▶ **Required work**
Quote the records exactly, starting at the first line and stopping after the line with "Okay, discussion boards."; skip the pictures.

[Records from a dataset]
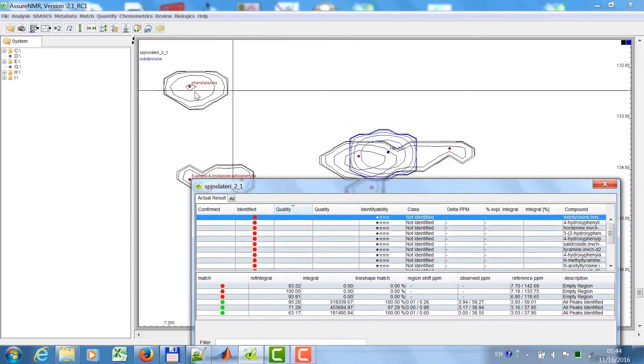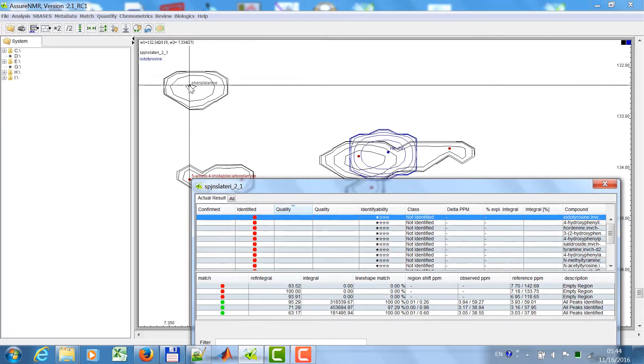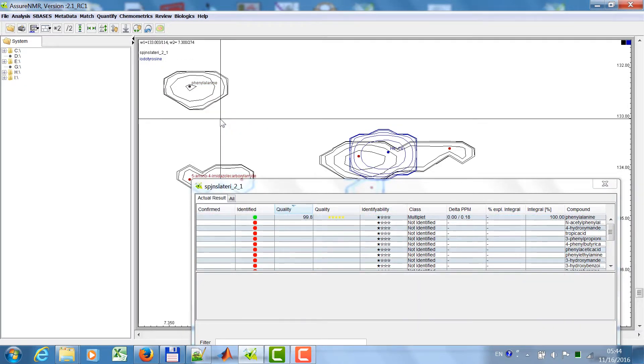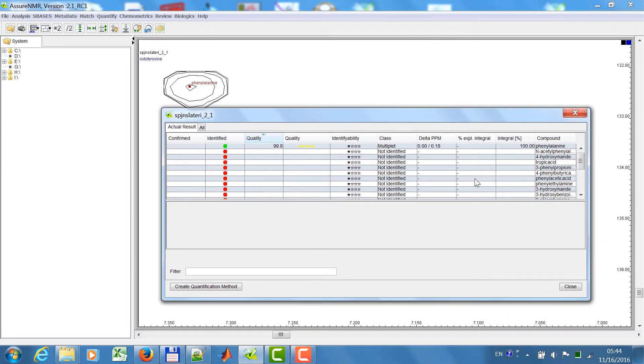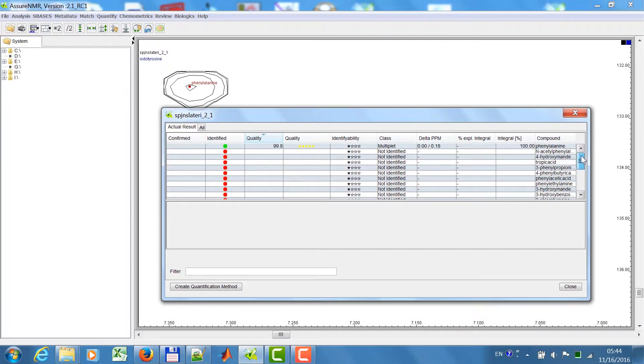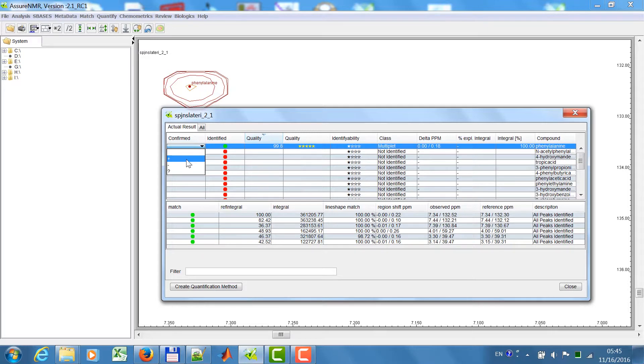If you go now to another peak, phenylalanine, right mouse click, identify this peak, then you will see also all compounds that have intensity in this area. If you are satisfied with this, then you are able to say, okay, I want to confirm, yes, that this compound is really there.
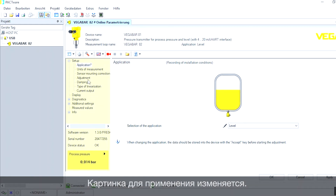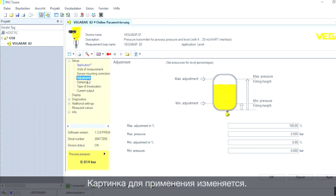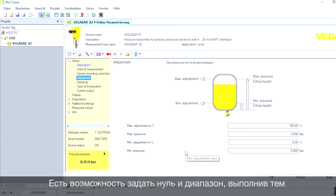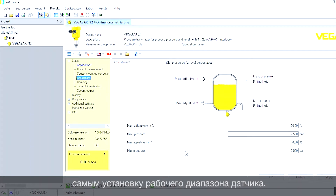Now we go to the adjustment page. Here we can set the zero point and the 100% point to make the full adjustment.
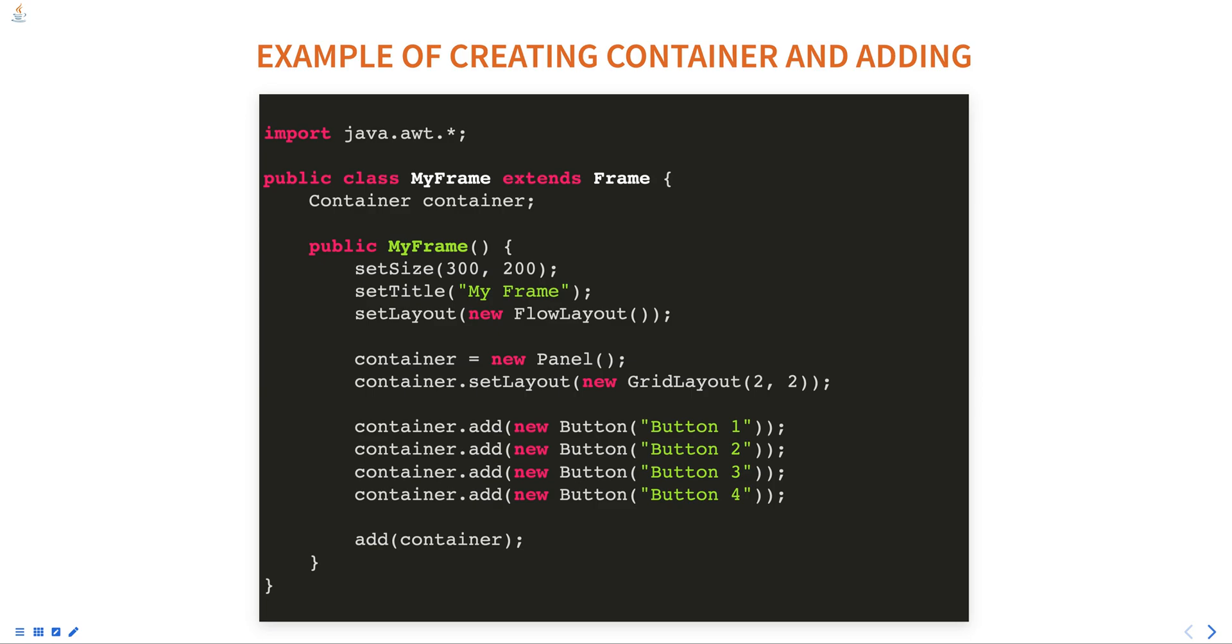Finally, the container is added to the frame. The Container class provides several methods for working with components such as add, remove, getComponent, getComponents, etc.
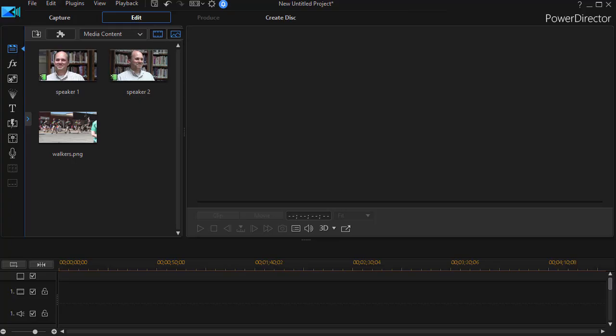In this tutorial in CyberLink PowerDirector, we're going to look at how the video collage designer has been integrated with the multi-cam designer in version 17.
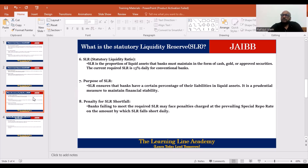It is a prudential measure to control macroeconomic stability on the part of the central bank. If you don't maintain the SLR, you will face a penalty at the prevailing special repo rate. Bangladesh Bank imposes this on commercial banks. If you don't maintain the SLR, you will be charged the special repo rate — or even the reverse repo rate.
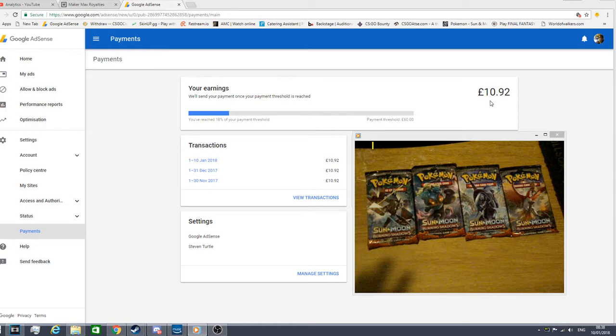So I haven't made a lot in my YouTube career, and that's from like 2012 to 2018. So I've only made £10.92.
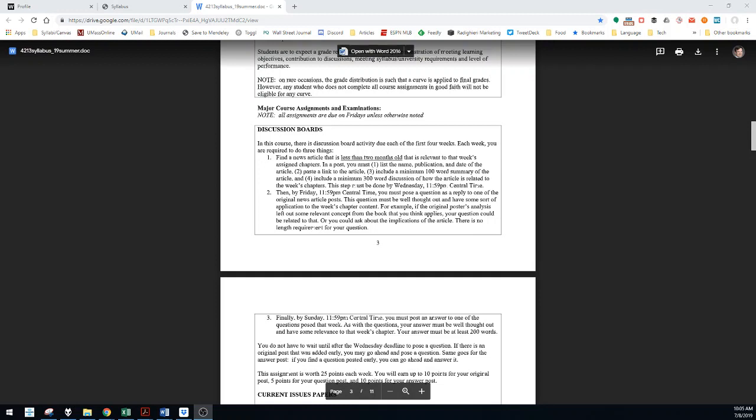Okay, discussion boards. These are the instructions for the discussion board you'll be doing the first four weeks of the course. The fifth week, the last week of the course, this is not assigned.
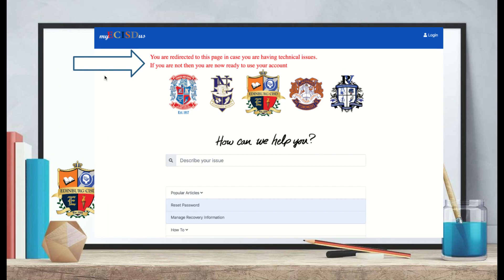You will be given a countdown of about three seconds and then be directed to a support page in case you're still having technical issues. If you're not having any technical issues, you can navigate away from this page or close it. You have now successfully figured out your student email and password, which you will need for the next half of logging in to Google Classroom. These steps you will only need to do once.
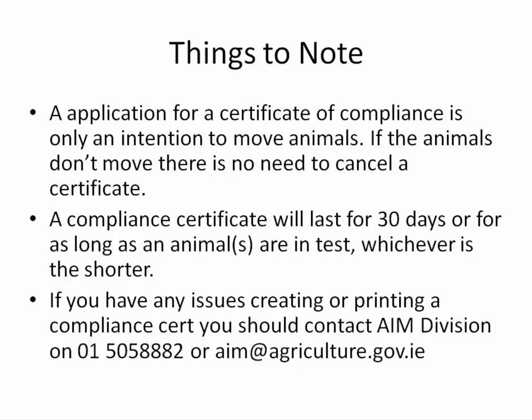If you have any issues creating or printing a compliance certificate you should contact AIM Division on 01 505 8882 or by email on aim@agriculture.gov.ie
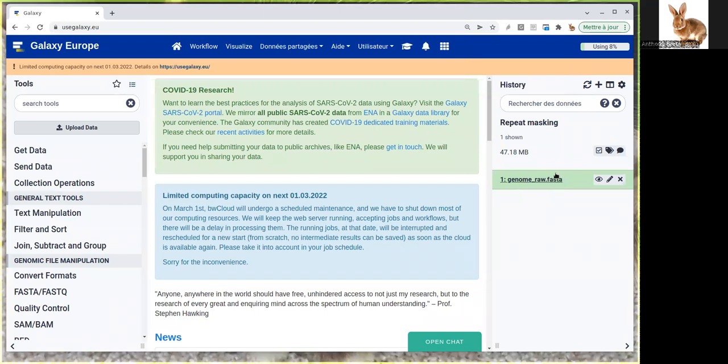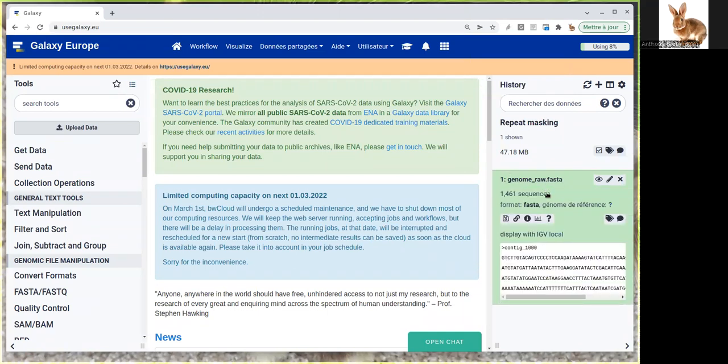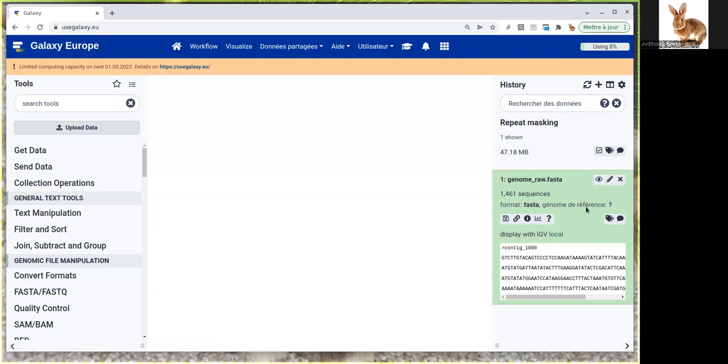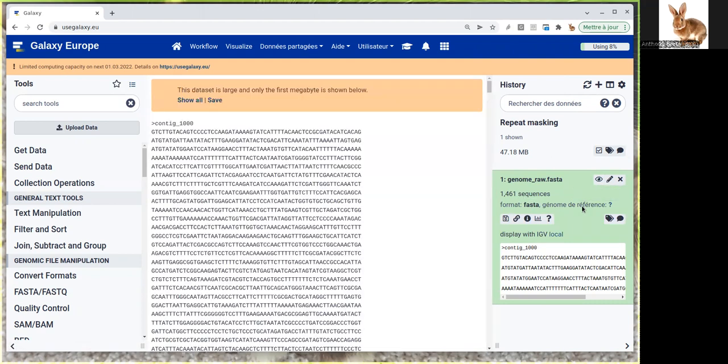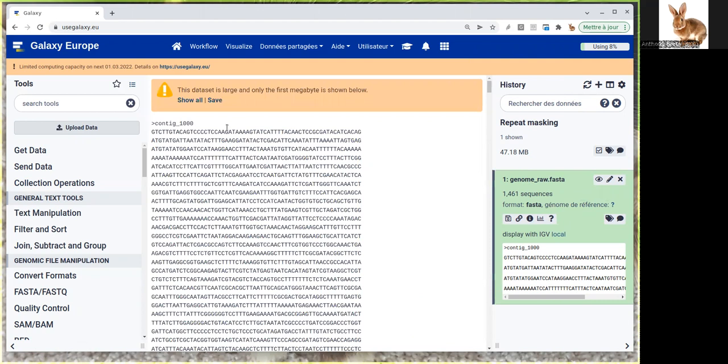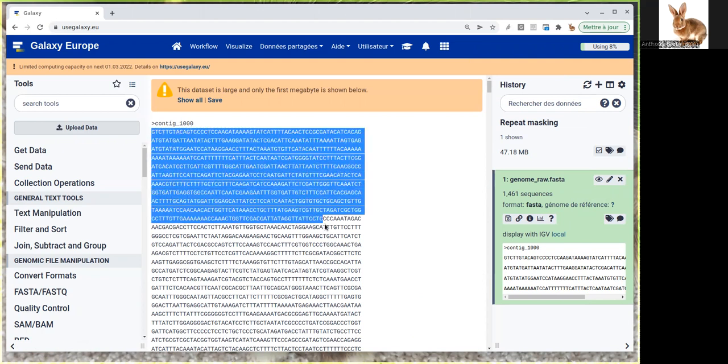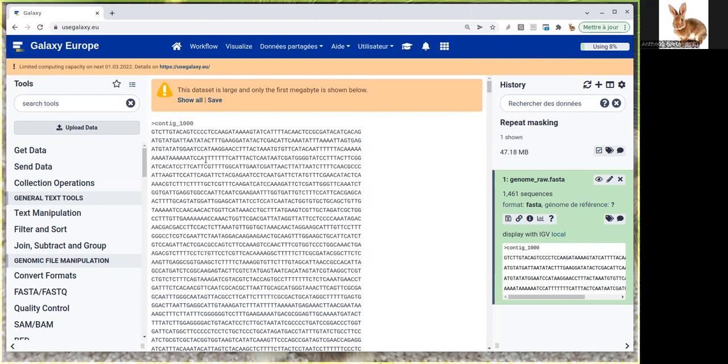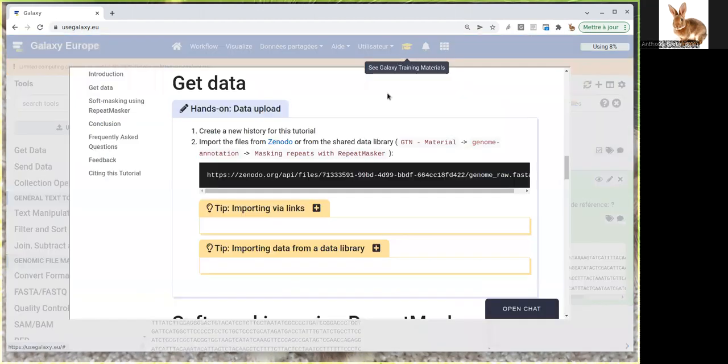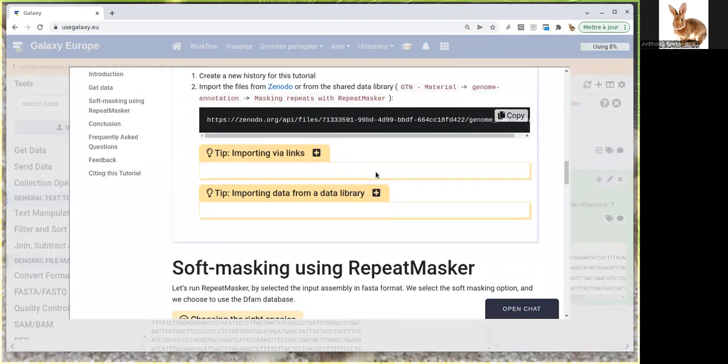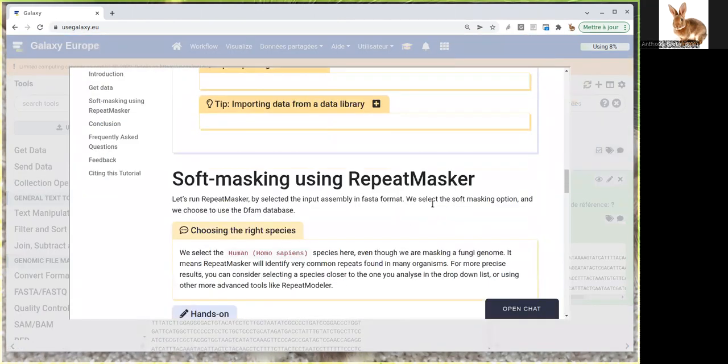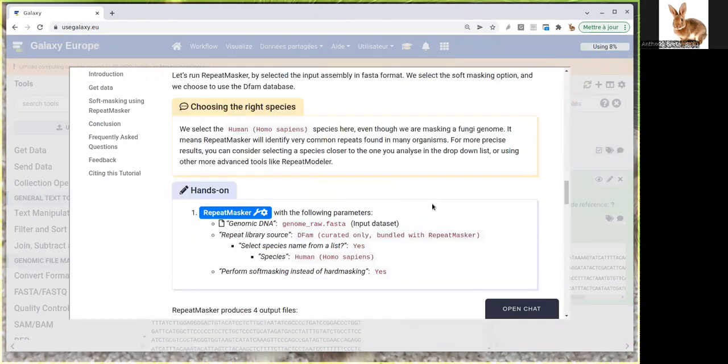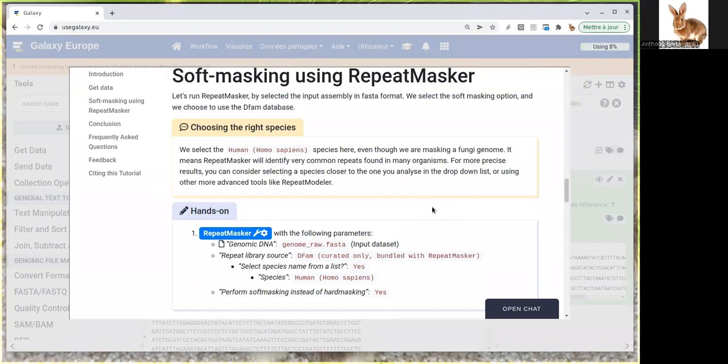Now that the dataset is green, you can see the FASTA sequence. If you look at it, you'll see the whole sequence which is in uppercase.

▶ **Answer below**
If you go now to another peak, phenylalanine, right mouse click, identify this peak, then you will see also all compounds that have intensity in this area. If you are satisfied with this, then you are able to say, okay, I want to confirm, yes, that this compound is really there.
Now we go to the adjustment page. Here we can set the zero point and the 100% point to make the full adjustment.
Finally, the container is added to the frame. The Container class provides several methods for working with components such as add, remove, getComponent, getComponents, etc.
In this tutorial in CyberLink PowerDirector, we're going to look at how the video collage designer has been integrated with the multi-cam designer in version 17.
It is a prudential measure to control macroeconomic stability on the part of the central bank. If you don't maintain the SLR, you will face a penalty at the prevailing special repo rate. Bangladesh Bank imposes this on commercial banks. If you don't maintain the SLR, you will be charged the special repo rate — or even the reverse repo rate.
So I haven't made a lot in my YouTube career, and that's from like 2012 to 2018. So I've only made £10.92.
Okay, discussion boards. These are the instructions for the discussion board you'll be doing the first four weeks of the course. The fifth week, the last week of the course, this is not assigned.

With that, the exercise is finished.